Kennett v. Dep't of Pub. Works

Decision Date27 December 2013
Docket NumberNUMBER 2013 CA 0824
PartiesLINDA R. KENNETT v. DEPARTMENT OF PUBLIC WORKS, THROUGH THE CITY OF BOGALUSA, JAMES HALL IN HIS CAPACITY AS DIRECTOR OF THE DEPARTMENT OF PUBLIC WORKS, XYZ EMPLOYEE(S), AND XYZ INSURANCE COMPANY
CourtCourt of Appeal of Louisiana — District of US

NOT DESIGNATED FOR PUBLICATION

Appealed from the

Twenty-Second Judicial District Court

In and for the Parish of Washington

State of Louisiana

Docket Number 102,596

The Honorable Allison H. Penzato, Judge Presiding

William H. Burris

Franklinton, LA

Counsel for Plaintiff/Appellant,

Linda R. Kennett

Willie G. Johnson, Jr.

Baton Rouge, LA

Christopher M. Moody

Albert D. Giraud

Hammond, LA

Counsel for Defendants/Appellees,

James Hall and Department of Public

Works

BEFORE: WHIPPLE, C.J., WELCH, AND CRAIN, J.J.

WHIPPLE, C.J.

This matter is before us on appeal by the plaintiff, Linda R. Kennett, from a judgment of the trial court denying her motion for partial summary judgment and granting summary judgment in favor of the defendants, the Department of Public Works through the City of Bogalusa.

For the reasons that follow, we reverse in part, affirm in part, and remand.

FACTS AND PROCEDURAL HISTORY

On April 7, 2011, Kennett exited the Bogalusa City Hall building, where she had been paying her water bill. While walking to her car, she purportedly tripped and fell on a sidewalk located directly outside of City Hall. On May 12, 2011, Kennett filed a petition for damages contending that the area of the sidewalk where she tripped and fell was uneven, and thus defective, and that, as a result of her fall, she sustained injuries to her face, wrists, and teeth. Named as defendants were the Department of Public Works through the City of Bogalusa ("the City") and James Hall, the Director of the Department of Public Works. By first and second supplemental and amending petitions, Kennett also named Risk Management, Inc. ("RMI") and Louisiana Municipal Risk Management Agency, Group Self Insurance Fund for Public Liability Risk Sharing as defendants.

RMI filed a motion to dismiss, contending: (1) that the City is a member of an interlocal risk management agency and participates in an intergovernmental agreement pursuant to LSA-R.S. 33:1343, and (2) that RMI is the administrator of the self-insurance fund. RMI contended that pursuant to LSA-R.S. 33:1345, an interlocal risk management agency is not an insurance company or an insurer under the laws of this state, and thus, was not subject to direct action as an insurer. Thus, RMI contended, as the third-party administrator of the self-insurance fund, it was not a proper defendant in this suit. The trial court granted the motion, dismissing Kennett's claims against RMI.

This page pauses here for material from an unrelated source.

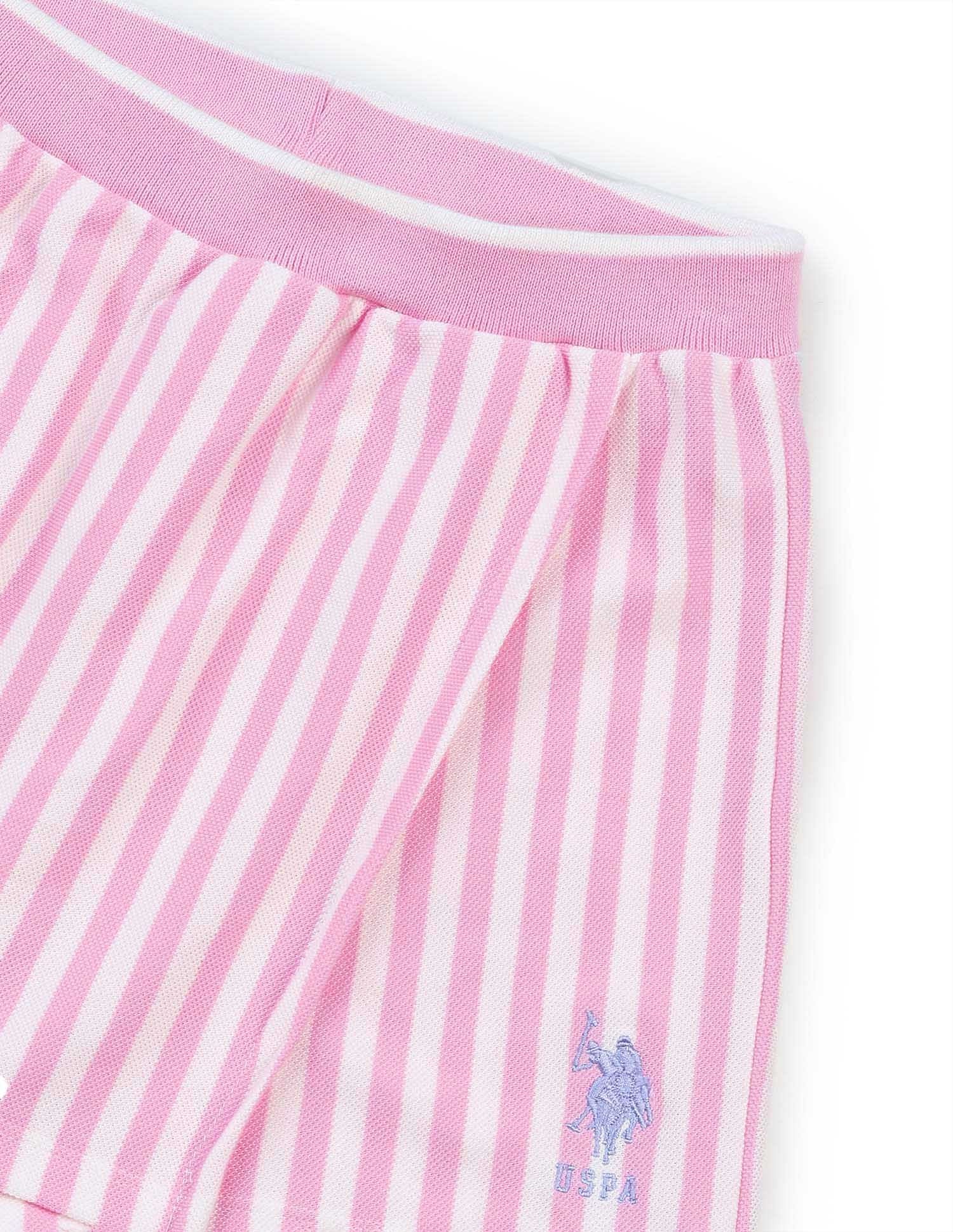Girls Vertical Striped Skorts Light Pink - U.S. POLO ASSN. | Large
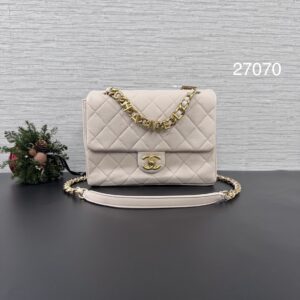 CHANEL 23P字母雙鏈口蓋包(27070)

Louisiana Municipal Risk Management Agency ("LMRMA") likewise responded by filing an exception of no right of action and request for sanctions pursuant to LSA-C.C.P. art. 863. Therein, LMRMA contended that pursuant to LSA-R.S. 33:1345, LMRMA is unmistakably not an insurance company or insurer, that its actions do not constitute participation in an insurance business, and thus, no direct action existed against it under Louisiana's Direct Action Statute.1 LMRMA further contended that Kennett/Kennett's attorney were made aware of this at a mediation on January 4, 2012, and also via the pending motion to dismiss filed by RMI, but, despite having knowledge of the statutory bar to recovery, Kennett/Kennett's attorney filed a second amending and supplemental petition naming LMRMA as a defendant in these proceedings. After hearing the matter, by separate judgments both signed on May 22, 2012, the trial court denied LMRMA's motion for sanctions and granted LMRMA's exception of no cause of action.2

In the interim, on March 8, 2012, Kennett filed a motion for sanctions due to spoliation. Therein, she contended that at some point between September 22, 2011 and November 29, 2011, the City had repaired the section of the sidewalk where she had fallen. Kennett contended that she had retained Darryl Fussell,P.E. of Arrow Engineering & Consulting for the purpose of conducting and performing an analysis of the subject premises, but that he was unable to do so because the premises had been altered. Contending that the defendants had intentionally destroyed significant evidence, which presumes that the structure of the sidewalk was damaging to their defense and additionally suggests that the sidewalk was defective, Kennett also sought to have the court apply an adverse presumption that the evidence would have been detrimental to the City of Bogalusa's case. On May 22, 2012, the trial court signed a judgment denying Kennett's motion for sanctions.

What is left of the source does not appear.